Task prompt — The required output is the exact run of lines below that opens at the line with "Do not cut it" and closes at the line with "Good morning, reefers.".

Records provided —
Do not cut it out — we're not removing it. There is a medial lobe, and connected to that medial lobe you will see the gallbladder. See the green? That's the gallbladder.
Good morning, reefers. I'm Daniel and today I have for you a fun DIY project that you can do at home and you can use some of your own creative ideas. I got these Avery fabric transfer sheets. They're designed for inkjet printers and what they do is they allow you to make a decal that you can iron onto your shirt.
--
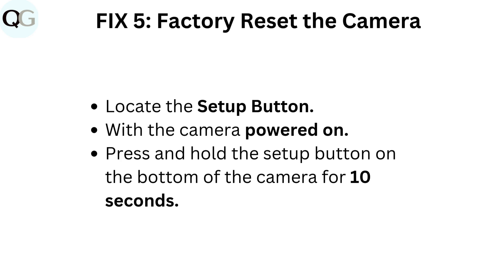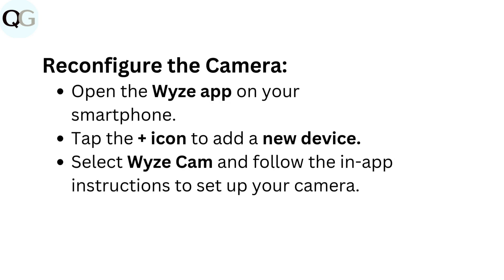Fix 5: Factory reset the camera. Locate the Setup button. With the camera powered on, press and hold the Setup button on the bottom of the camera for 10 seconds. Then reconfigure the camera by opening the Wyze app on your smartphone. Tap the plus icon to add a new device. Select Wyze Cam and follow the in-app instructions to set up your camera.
...
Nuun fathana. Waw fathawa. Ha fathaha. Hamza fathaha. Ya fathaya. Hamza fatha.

Response to this exercise —
Do not cut it out — we're not removing it. There is a medial lobe, and connected to that medial lobe you will see the gallbladder. See the green? That's the gallbladder.
Good morning, reefers. I'm Daniel and today I have for you a fun DIY project that you can do at home and you can use some of your own creative ideas. I got these Avery fabric transfer sheets. They're designed for inkjet printers and what they do is they allow you to make a decal that you can iron onto your shirt.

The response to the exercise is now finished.